I credit my youth in Wisconsin with giving me a desire to help other people.
You pretty much have to have that attitude in the winter, everyone is helping
push each other out of the snowbanks. It was just sort of what you did, I
didn't think about it until I moved to California and found that it was less
common out here. Much more common in the Santa Cruz mountains, which is part
of why I live there.

------
markbnj
I'm 56, still doing software and systems engineering every day, still love it.
My daily routine is a lot like the author's. I've thought off and on over the
years about doing something else, but the simple fact is I'm addicted to that
rush I get when we solve a problem and see it work for the first time.

------
randcraw
I'm the same age as the author and have been coding since 1986. I still enjoy
the immersive (flow) aspect of coding, but I'm no longer compelled to code in
my off hours. In fact, about 25 years ago I realized that coding alone
couldn't keep me enraptured indefinitely. So I diversified into R&D: AI & data
mining, HPC, image processing, and recently deep learning.

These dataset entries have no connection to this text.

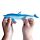 Jouet Animal Etirable Sealife - Animaux Marins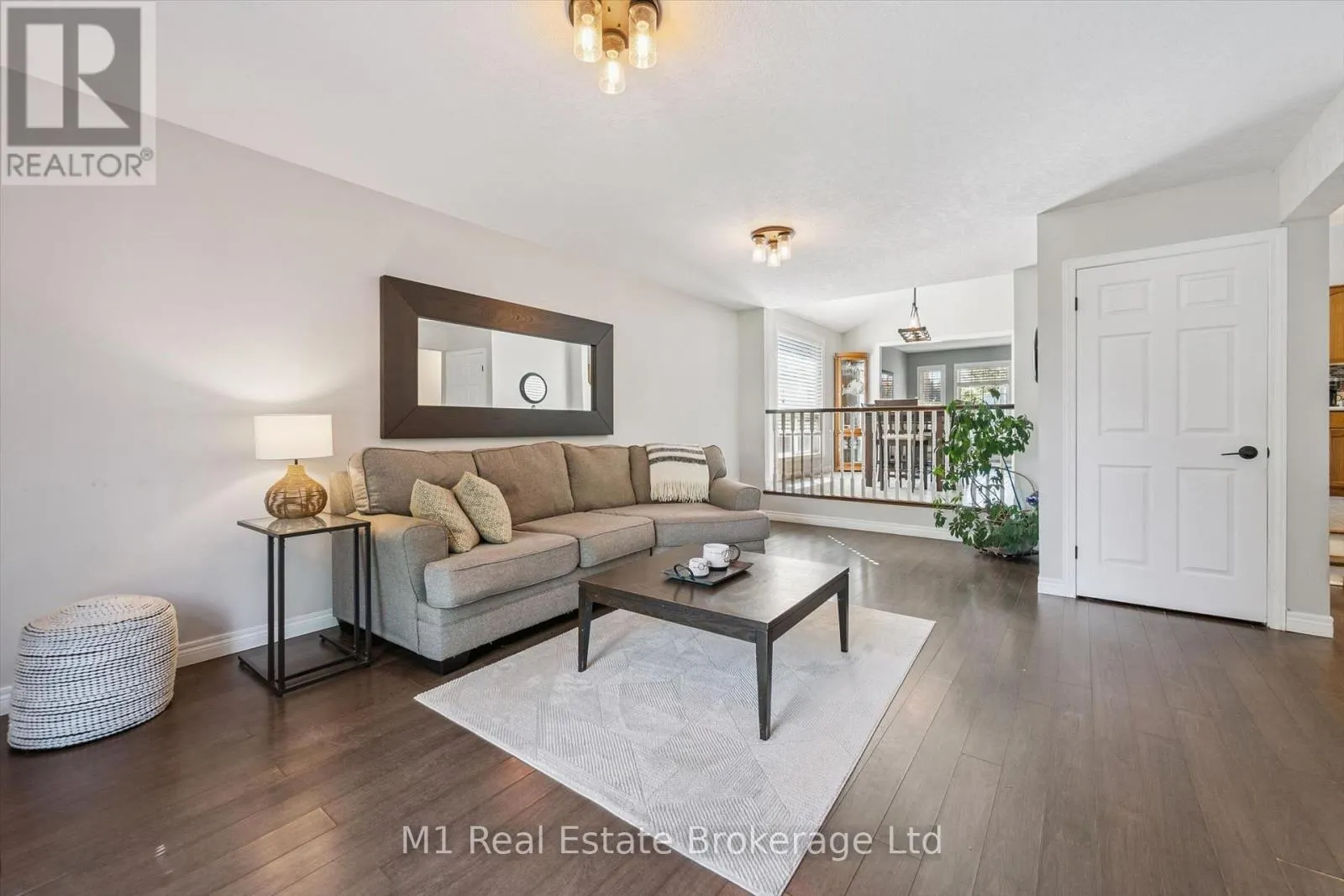 106 BELLAMY CRESCENT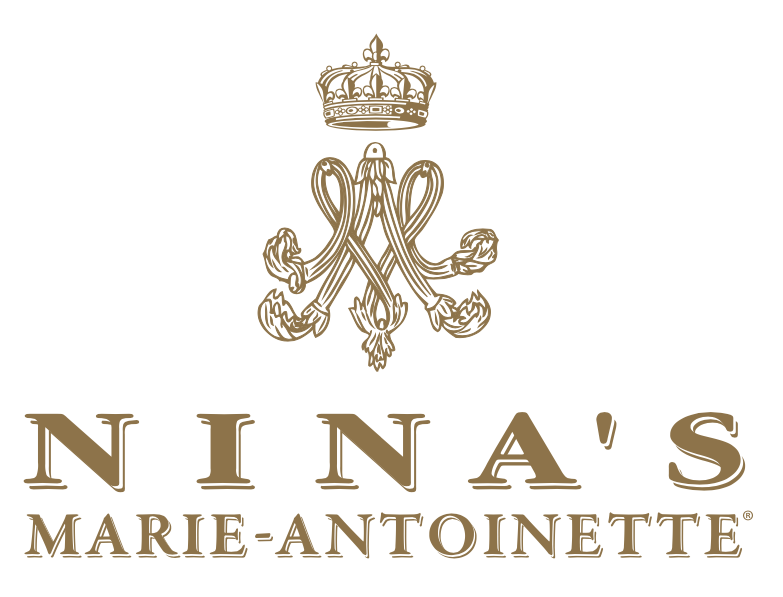 Découvrez Nina's Paris : une marque de thé de renom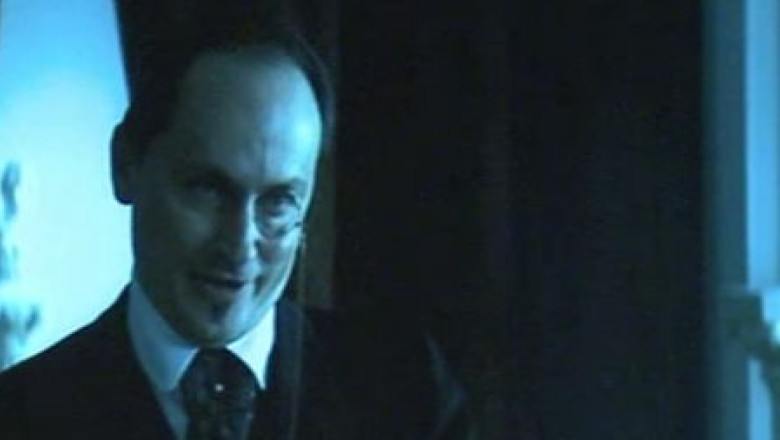 „Noaptea alba a filmului romanesc”. Bucurestenii au vizionat 18 pelicule in 9 cinematografe Imagine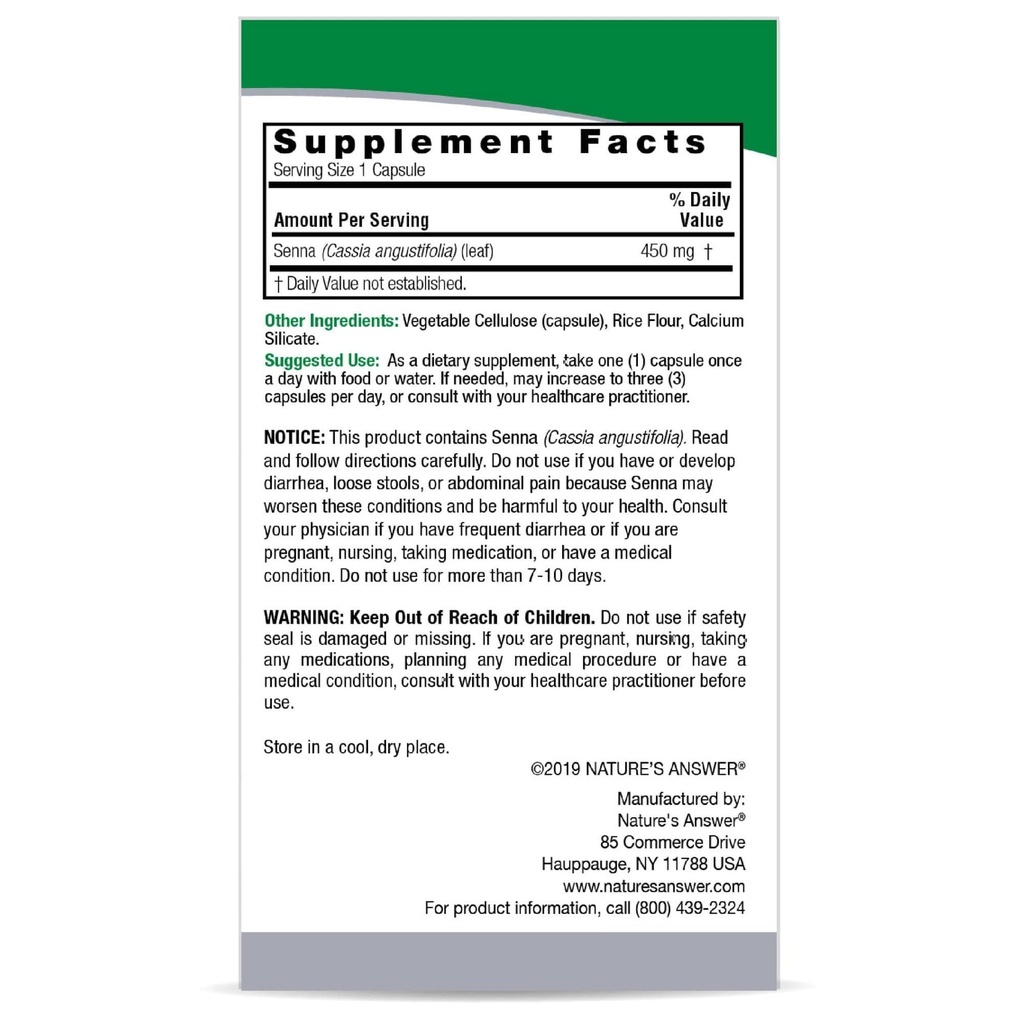 nature-s-answer-senna-leaf-dietary-suppl-6.jpg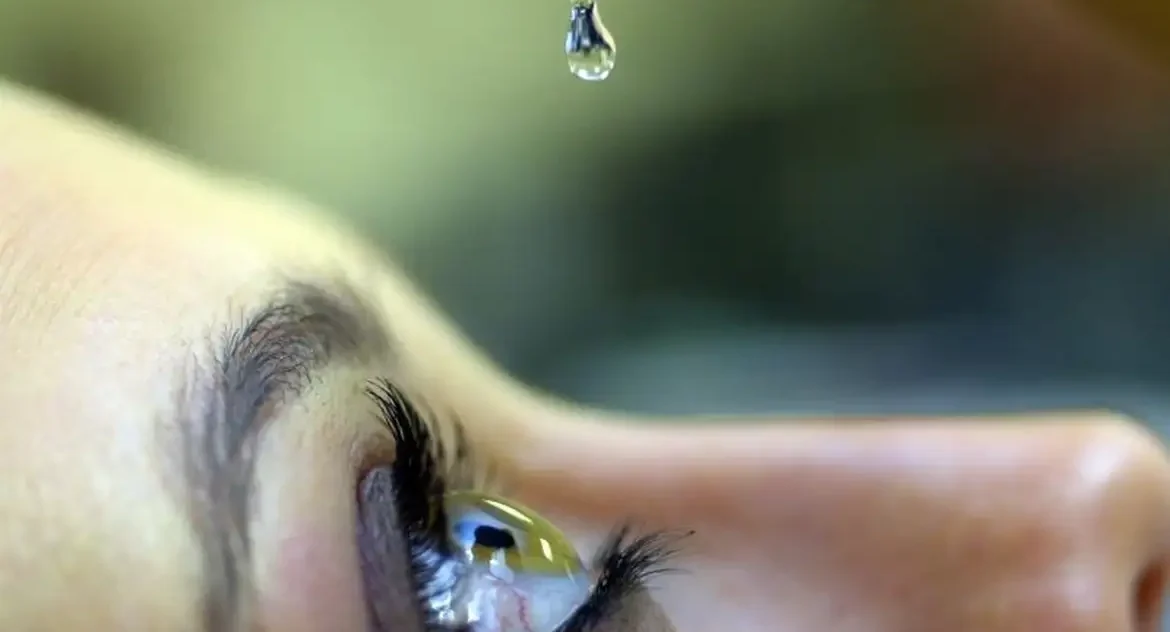 Quase 10 milhões de exames para diagnóstico de glaucoma são feitos pelo SUS entre 2019 e 2024, mas acesso varia entre regiões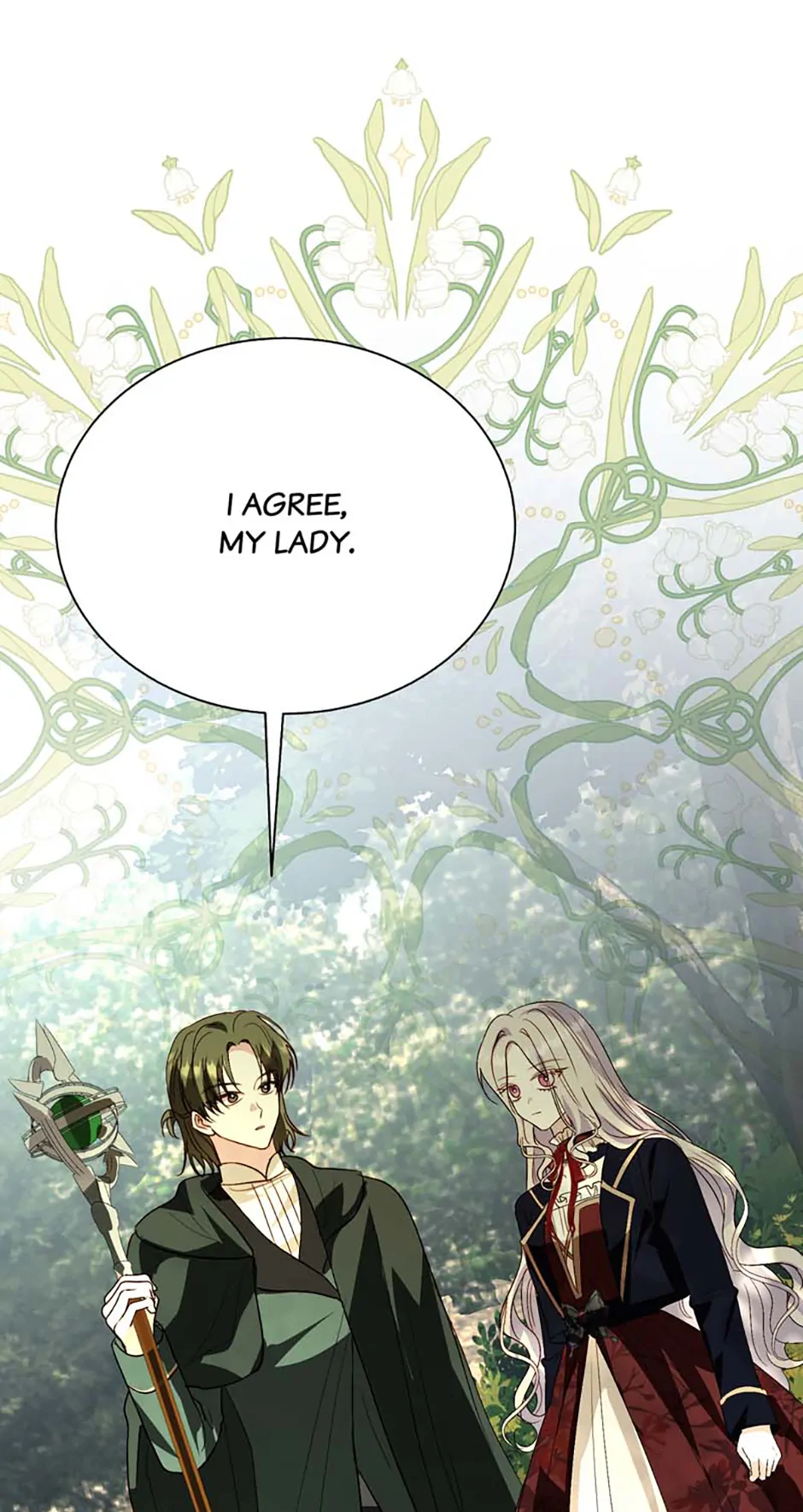 ch 111 18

I hope to remain in harness for another decade, probably in some sort of AI
role, which seems plausible since the demand in that space for skill +
experience far outstrips supply, and I'm willing to move.

------
darreld
I'm still loving it at 60. I'm actually looking forward to being able to
change jobs in the next year, but I am realistic about how difficult it will
be.

------
Mankhool
I just turned 54 and started learning to code at 53. Okay, learning to code
_again_ because I haven't done anything since 1985 and FORTRAN77.

It's interesting because my employer (a multinational telco HQ'd in Canada) is
keen to give me real work coding as soon as I want it. So with that, and my
real purpose (building my next application myself) I'm really engaged and
having a lot of fun.

------
uxcolumbo
A question for programmers in their 30s wanting to still be doing this in
their 50s and 60s...

Are you worried about the advancement in AI, i.e. programs writing other
programs... will there still be enough programming jobs in 20 years for
humans?

Ps I'm only a prototyper, I don't create production ready code, hence the
slightly naive question.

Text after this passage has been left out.